Do People Really Think There Will Be Inflation When Capacity Utilization Is So Low?
It is a simple decision if you own a business when faced with increased demand... Do you produce more? or Do you raise prices?
We now see a situation where the markets are expecting higher inflation. They expect prices to rise. But why not just increase utilization of capacity to produce output to soak in the extra demand dollars.
If demand increases, a firm can either increase production or raise prices. When capacity utilization is low, a firm prefers to increase utilization of capacity rather than raise prices... and capacity utilization is currently quite low.
Low capacity utilization can be understood as prices being too high. It is akin to a monopoly production schedule where less is produced at higher prices. There is evidence that we have that type of scenario more so now in the economy. In such a case, firms are more apt to increase production while holding prices steady if demand begins to increase.
Capacity utilization is understood as the ratio of output to full-capacity output. It is important to understand what full-capacity output is... It is the point at which average cost (unit cost) of production begins to rise as production is increased. Average cost includes Fixed and Variable costs.
So if there is excess capacity like we see now, imagine two competing firms faced with increased demand. One decides to raise prices, the other decides to increase production. Who do you think would win in most cases?
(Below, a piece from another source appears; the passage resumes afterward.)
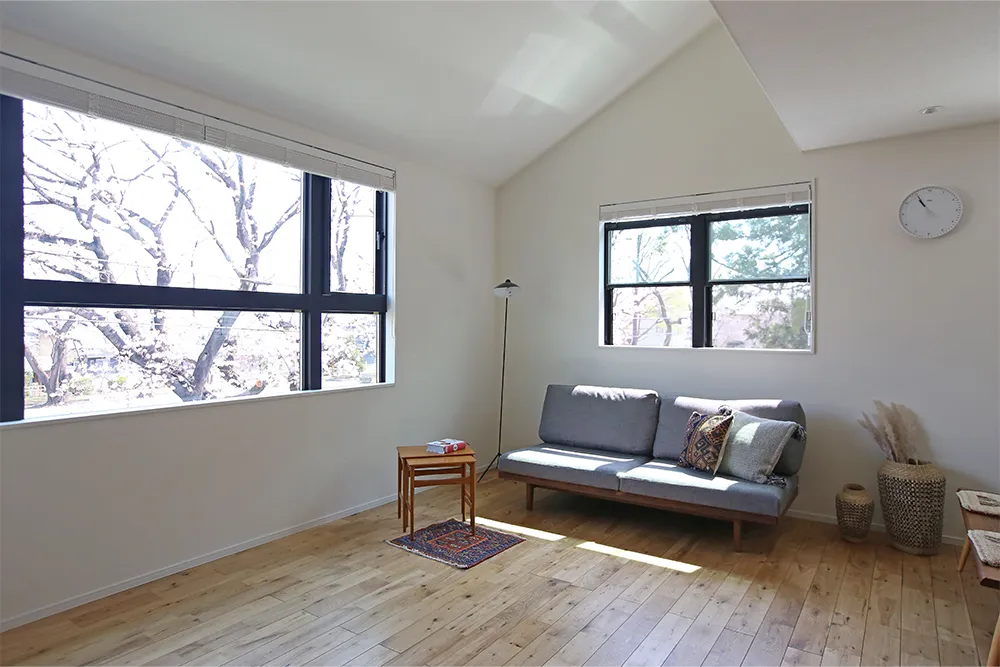 大きな窓から桜を楽しむスタイリッシュな家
Well, if average costs do not rise, the firm that just increases production would gain market share and good profits.
Basically, we have low capacity utilization... So when people forecast increased demand from Trump's projected fiscal stimulus and deregulation, Why on Earth would anyone foresee stronger inflation coming? It makes more sense to forecast higher capacity utilization which would eventually reach a saturation point to cause inflation... but capacity utilization is so low right now, that we are quite a long way away from that saturation point.
Basically, I do not see high probabilities of inflation anytime soon. One needs to keep their eyes on capacity utilization.
In the Fed's beige book there is constant reference to producers who are unable to raise final selling prices. You point about competition and excess capacity is borne out by the Fed data.